### Information supplied ###

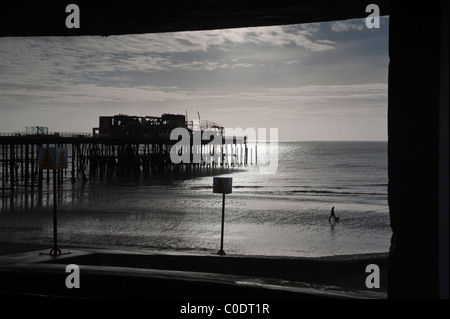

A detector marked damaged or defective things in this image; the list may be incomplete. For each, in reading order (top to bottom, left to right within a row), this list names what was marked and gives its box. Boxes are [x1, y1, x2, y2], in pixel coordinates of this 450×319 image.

damaged pier [1, 114, 251, 192]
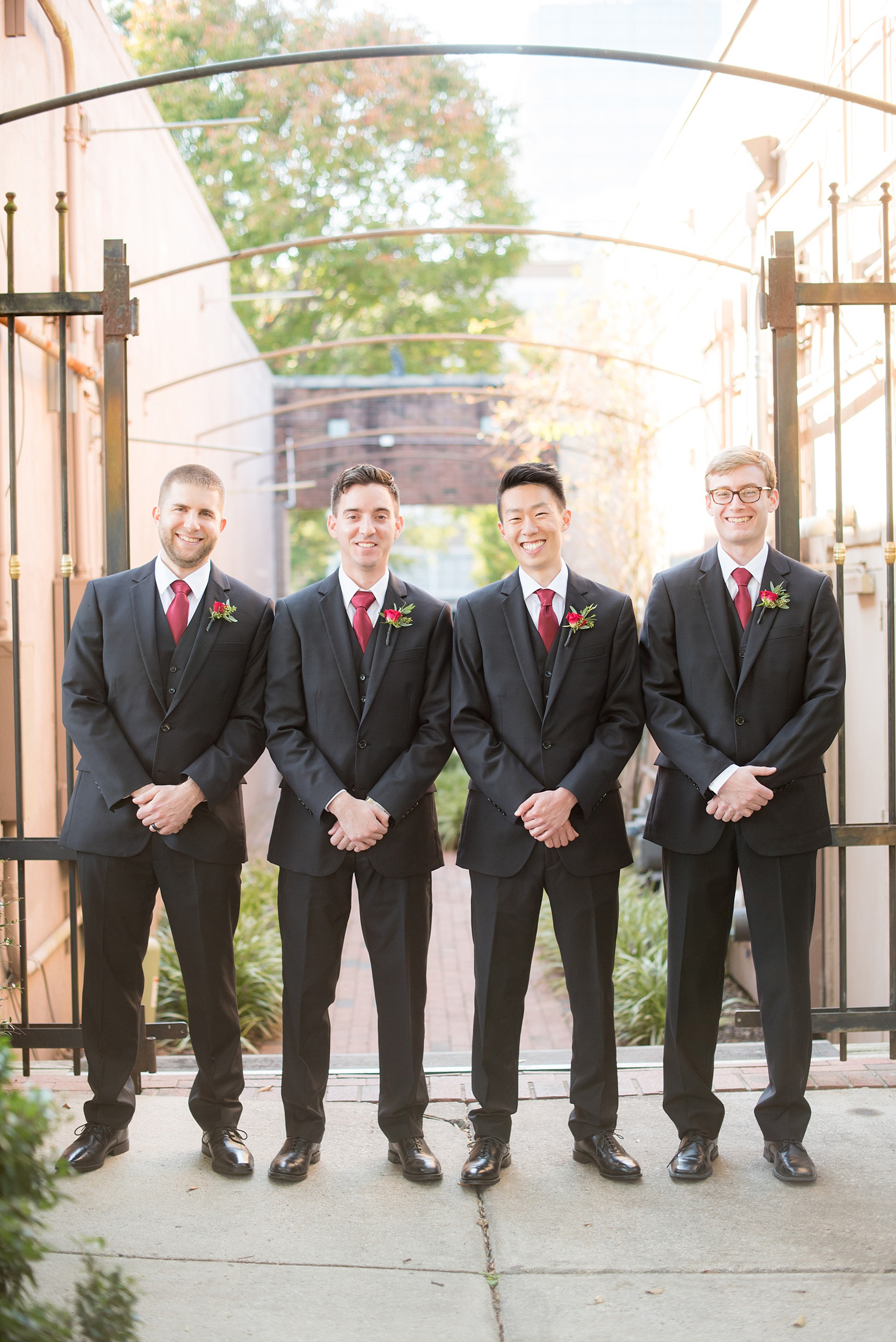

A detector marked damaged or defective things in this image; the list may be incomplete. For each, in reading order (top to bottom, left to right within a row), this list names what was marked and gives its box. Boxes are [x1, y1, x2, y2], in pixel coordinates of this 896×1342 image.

rusted metal post [102, 240, 132, 571]
rusted metal post [767, 234, 799, 558]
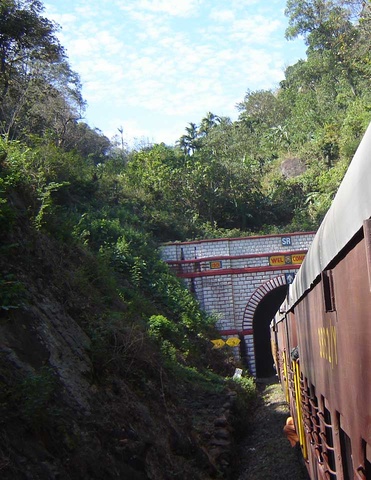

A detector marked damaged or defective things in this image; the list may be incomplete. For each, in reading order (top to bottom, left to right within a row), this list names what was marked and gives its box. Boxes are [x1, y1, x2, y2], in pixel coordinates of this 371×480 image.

rusty brown train car [270, 121, 371, 480]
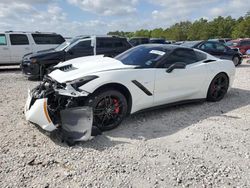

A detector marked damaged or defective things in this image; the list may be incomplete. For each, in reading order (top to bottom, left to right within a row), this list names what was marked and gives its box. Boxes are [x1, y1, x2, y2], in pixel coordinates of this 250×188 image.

crumpled hood [48, 55, 136, 83]
damaged front bumper [24, 75, 94, 142]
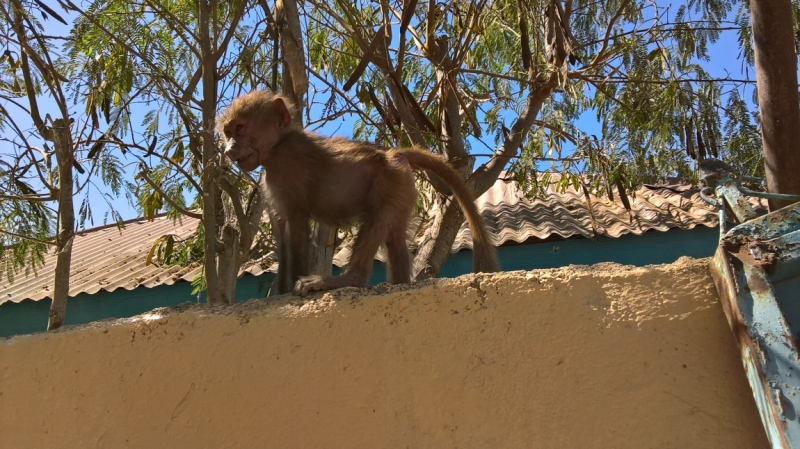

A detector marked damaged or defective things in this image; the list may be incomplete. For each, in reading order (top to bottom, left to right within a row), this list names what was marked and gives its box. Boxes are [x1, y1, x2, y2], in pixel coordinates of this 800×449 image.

rusty metal pole [752, 0, 800, 210]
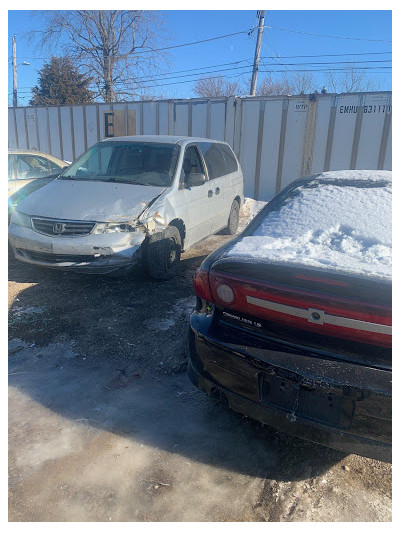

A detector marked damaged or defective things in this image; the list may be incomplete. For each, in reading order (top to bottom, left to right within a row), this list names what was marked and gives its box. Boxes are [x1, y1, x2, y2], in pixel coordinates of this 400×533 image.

damaged front bumper [8, 222, 146, 272]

###

§ The problem: All lines from the one that contains "this 400×533 image." through the end of the material are to be quoted exactly, with both ends included.

§ Exercise answer:
A detector marked damaged or defective things in this image; the list may be incomplete. For each, in reading order (top to bottom, left to right within a row), this list names what was marked and gives its box. Boxes are [x1, y1, x2, y2], in pixel coordinates of this 400×533 image.

damaged front bumper [8, 222, 146, 272]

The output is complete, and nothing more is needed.